SQS message with high Receive Count

dastultz · September 11, 2023, 1:47pm

I’m using NServiceBus version 7.7.3 with NServiceBus.AmazonSQS version 5.6.1 on .NET 6.

We experienced a condition in the production environment of our app where a handler that took a “long time” to process ultimately threw a fatal error. The processing time was typically 5-15 seconds, but there were a few that took over 30 seconds (the current visibility timeout for our SQS setup). The message never made it to the error queue.

In my dev environment I was seeing 5 second processing times with the fatal error. (The processing time is not the cause of the fatal error condition.) I witnessed the expected retry sequence and the message ultimately landed on the error queue. When I injected a random wait of over 30 seconds, I did see duplication of messages on SQS, but after removing the wait, the system recovered as expected (with multiple messages hitting the error queue).

The production event never got to the error queue. There was one SQS message with a Receive Count of over 1000. We ultimately had to intervene and delete the message.

My question is, what are the circumstances in which a message might not be deleted from the queue, not make it to the error queue, and continually collect Receive events?

Thanks.

mauroservienti · September 12, 2023, 2:31pm

Hi @dastultz,

I have a hard time wrapping my head around why something like this could happen.

Two things come to my mind:

A missing await statement (or something around async programming) in the handler code causing, in some situations, the handler to fail and throw when the recoverability pipeline has already started the dispatch to the error queue, leading it not to finish the operation.
More unlikely, some weird clock drift situation makes it so that the SQS time causes the delivery to the error queue to fail.

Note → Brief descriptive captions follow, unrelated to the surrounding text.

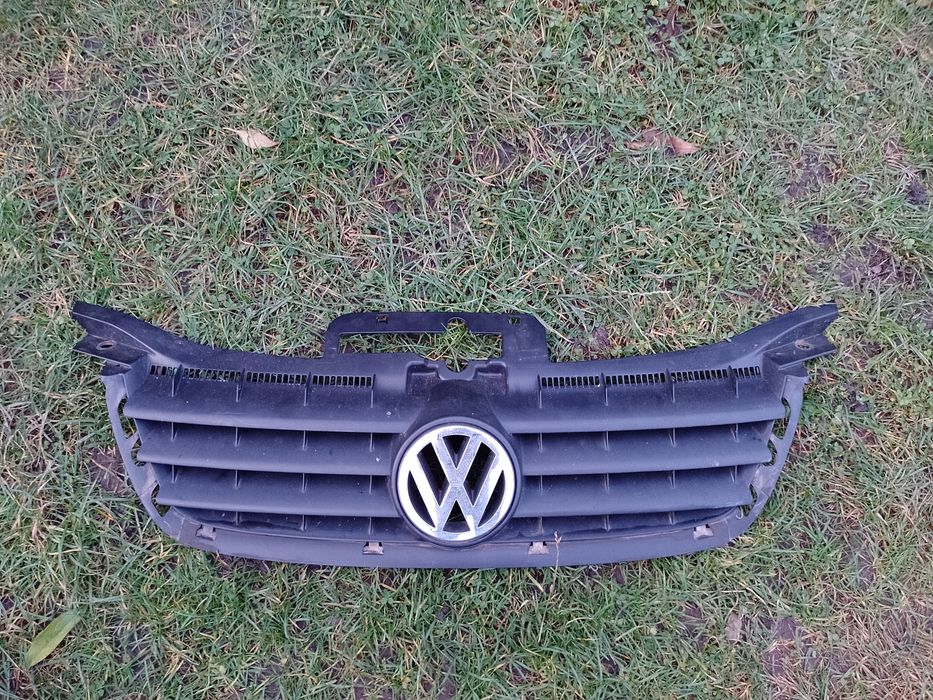 Решітка радіатора, распредвал, радіатор  VW Touran. Бамперні решітки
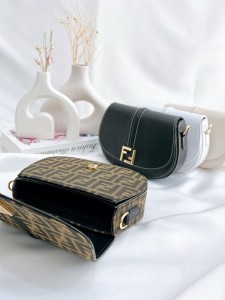 کیف پکه دار فندی 3230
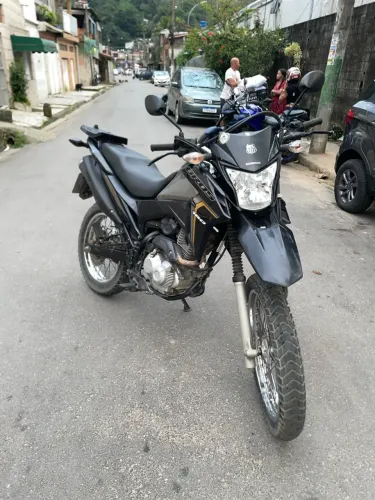 Honda Bros 160 2023 | Única Dona | Quitada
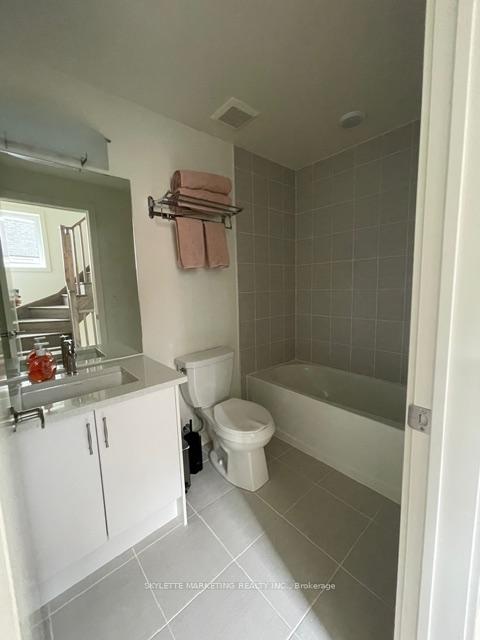 Photo 11 of Unit 67, 370B Red Maple Road, Richmond Hill, Langstaff — HOMEH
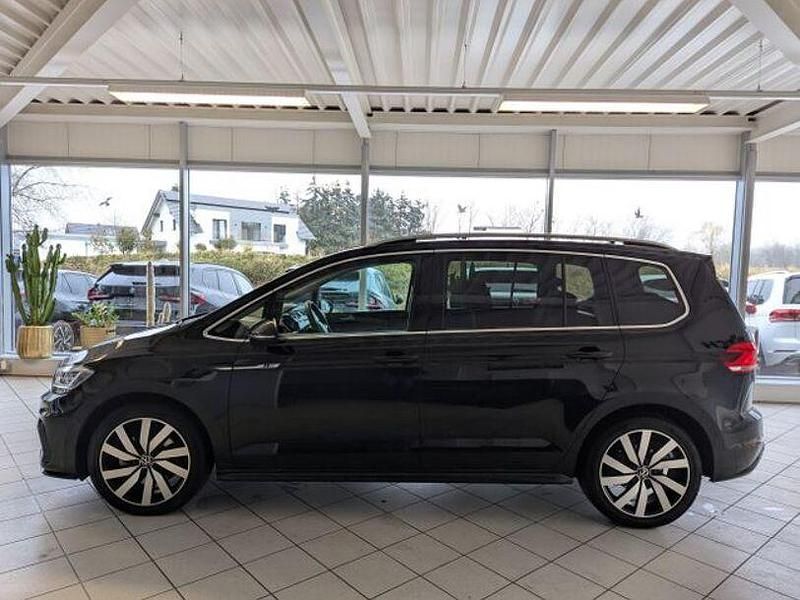 Gebraucht VW Touran Highline 150 PS (110 kW) 2025 Schwarz Van / Kleinbus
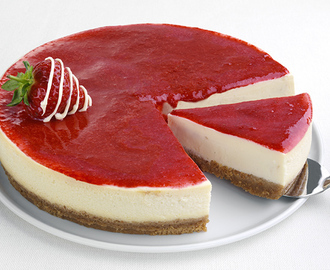 Cheesecake φράουλας διαίτης με το φυσικό γλυκαντικό “onstevia’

By the way, both the Core and SQS versions you use are unsupported. Would you be able to upgrade to the latest supported minor version and see if the issue still occurs?

I looked at the SQS transport code and could not find any apparent reason. Would you be able to share your message-handling and endpoint configuration code? (If there are privacy concerns, please send an email to support@particular.net, asking to assign the support case to me).

dastultz · September 13, 2023, 1:24pm

Thank you. We’ll work towards the upgrade. This will take a bit of time, so we’ll follow up later.

/D